Thus "barbarously" was the prelate murdered; the rebels then took his head, fastened it "on a pole, and set it on London bridge, in place where-before stood the head of Sir John Minstarworth." (Ibid.) Stow proceeds to relate some more particulars relative to the archbishop's history, stating that "he builded the upper end," that is, I conceive, the chancel "of St. Gregorie's Church at Sudbury;" and concludes his account by saying:
"He was slaine as ye haue heard, and afterwards buried in the Cathedral Church of Canterbury."
Ibid.
Now Godwin, in his valuable work De Presulibus, states, that his body was buried under the high altar of St. Dunstan's, Canterbury. But in Winkle's Cathedrals (London, 1836), vol. i. p. 38., we find Stow's account corroborated; for—
"The monument of Archbishop Sudbury, who was beheaded in 1381 [1382], is in the northern aisle, nearly parallel with the altar; it bears no effigy, but is surmounted by a sumptuous canopy of very elegant architectural design, but now much mutilated."

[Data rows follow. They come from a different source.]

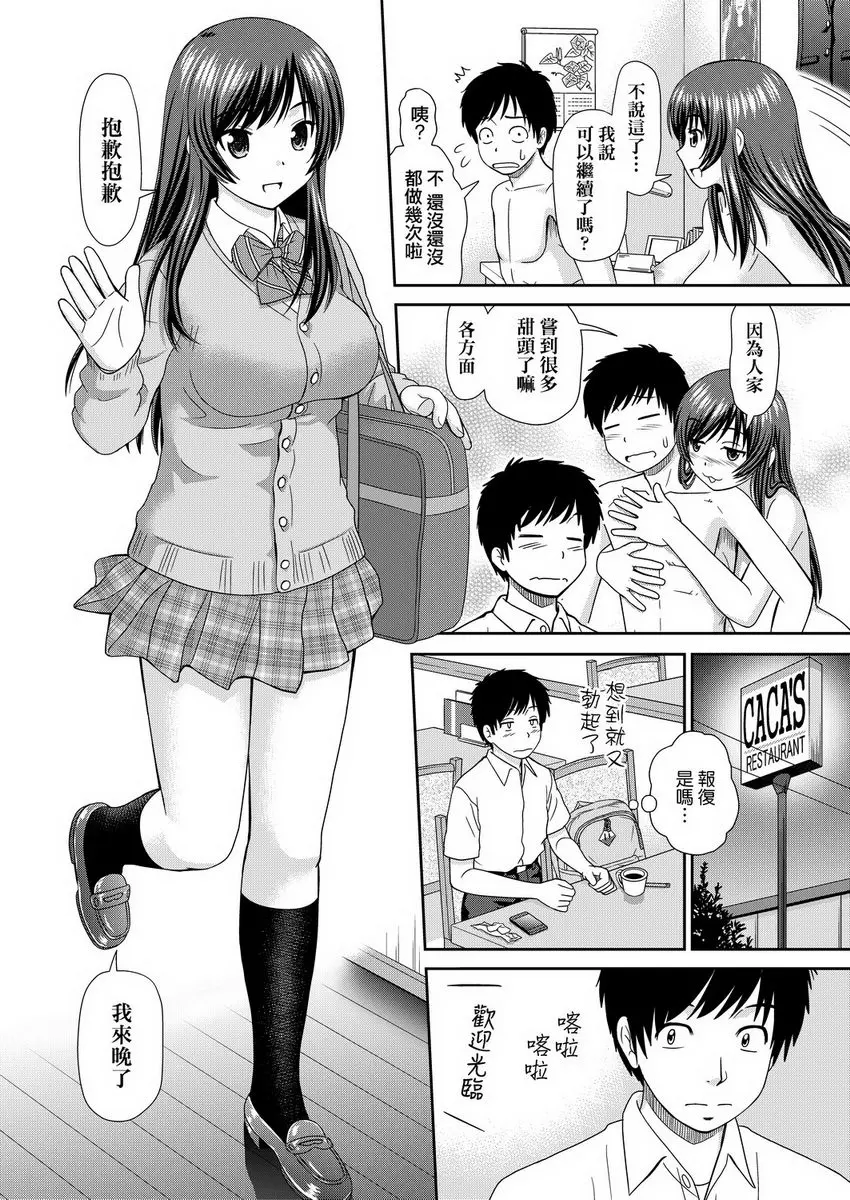 [禁漫] 耐不住慾火焚身 房間、瑞姊與我<後篇> 3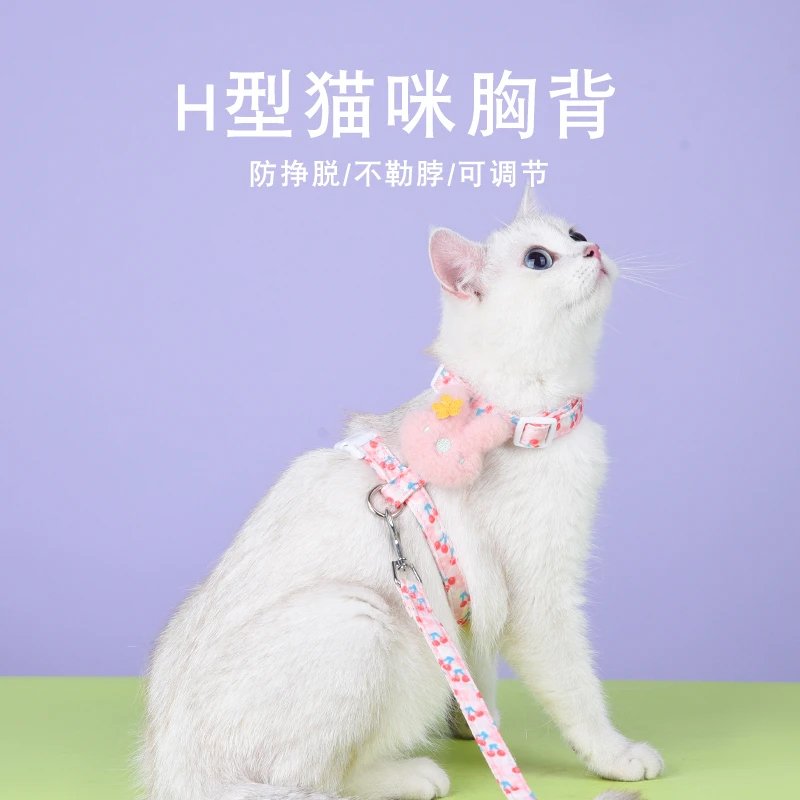 猫咪牵引胸背带家用外出套装小猫幼猫成猫小清新小兔子可爱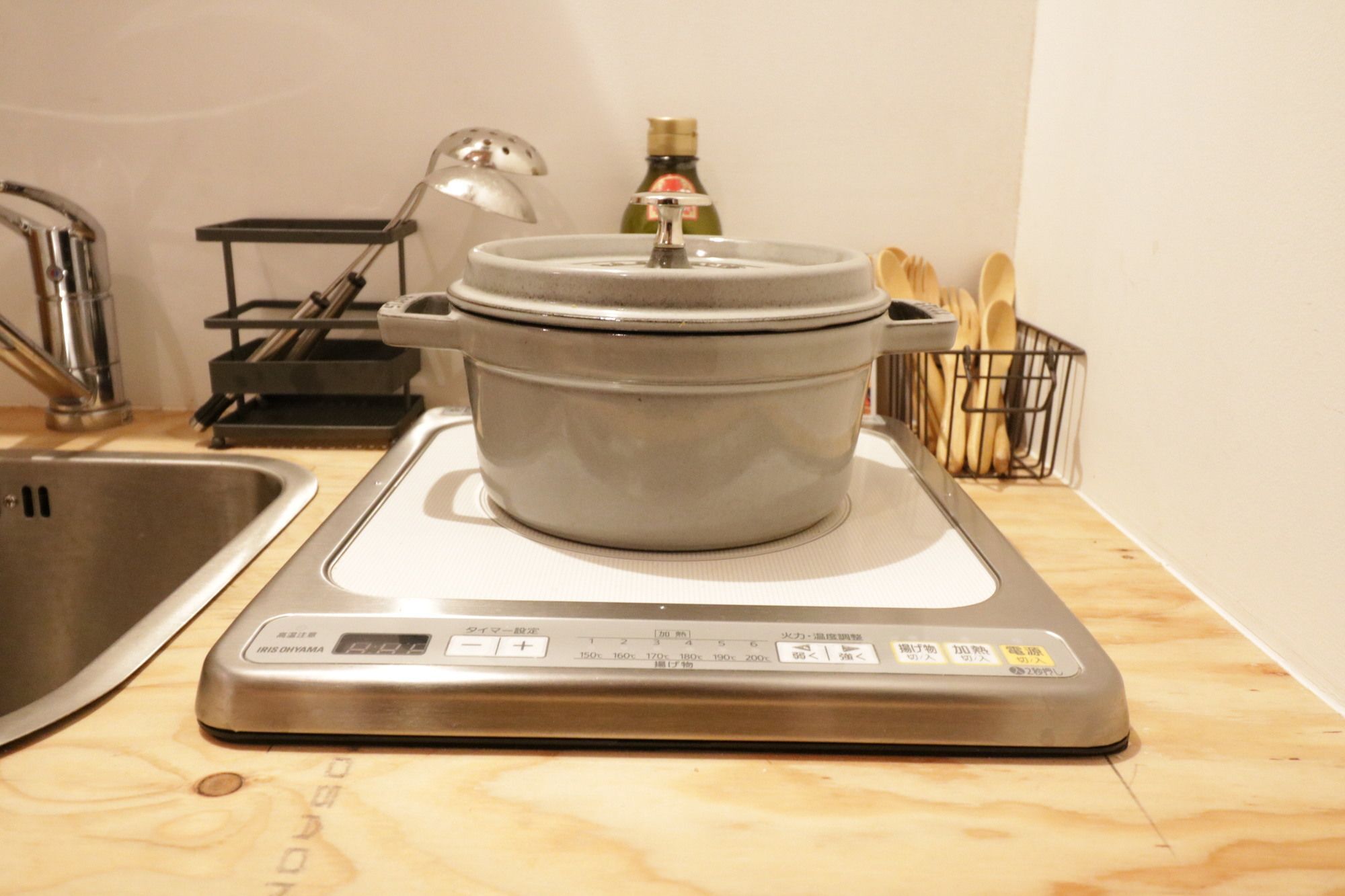 Glamlodge Guest house Osaka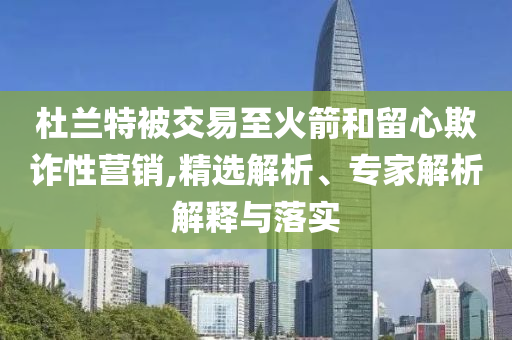 以防:77777788888王中王正版和494949澳門今晚開獎(jiǎng)和警惕虛假誘導(dǎo)危害,前沿剖析、專家解析解釋與落實(shí)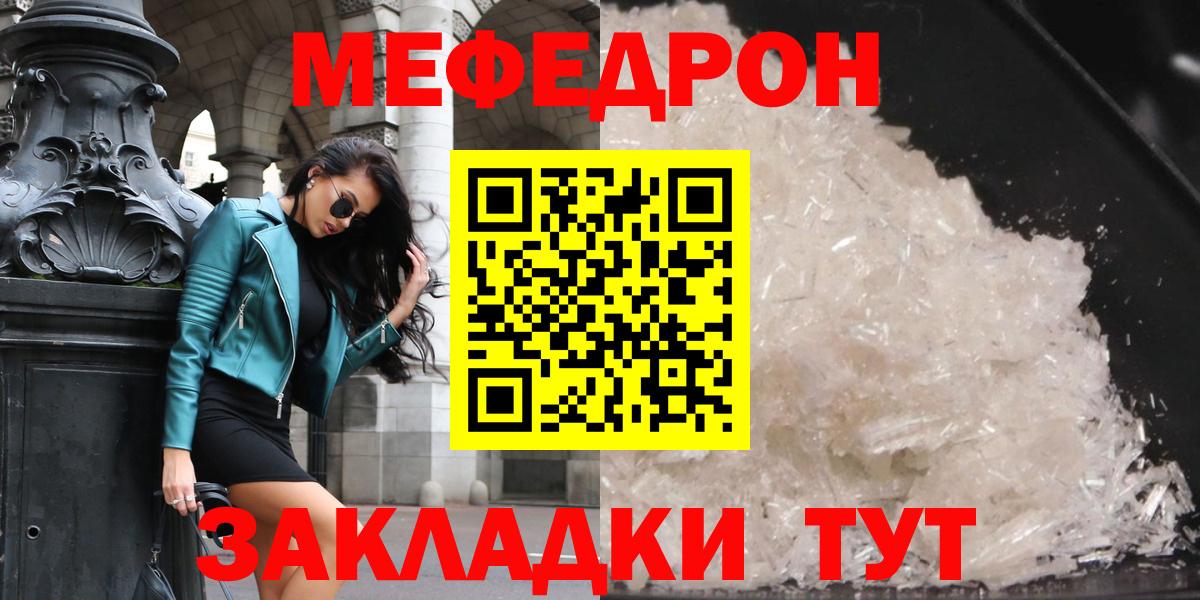 Большой Камень  МЯУ-МЯУ мяу мяу  Мефедрон 4 MMC  Вход с VPN 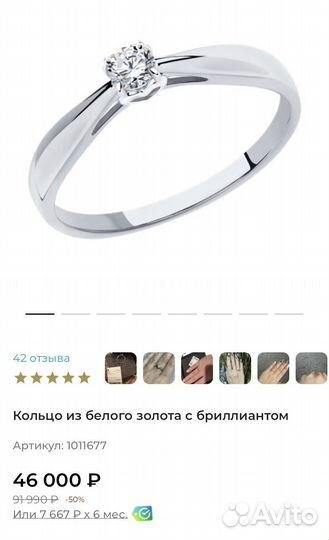 Помолвочное кольцо 17,5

Of course, the fact that his monument is in the cathedral, does not prove that his body was buried there. I shall be glad to learn from any of your correspondents, what evidence there is for Godwin's assertion. Gostling, in his Walk in and about the City of Canterbury (5th edit. Cant. 1804), though he mentions the prelate's benefactions to the cathedral (pp. 12. 79.), and his tomb (p. 220.), does not state his place of sepulture. At p. 60., however (note ‡), in a brief notice of St. Dunstan's Church, he says:
"In a vault under the family chancel of Roper here is kept a skull, said to be that of the great Sir Thomas More; it is in a niche of the wall, secured with an iron grate, though some say his favourite daughter, Margaret Roper, who lies here, desired to be buried with it in her arms. The vault being full, was closed up not many years since."
This curious coincidence is at least worth noting.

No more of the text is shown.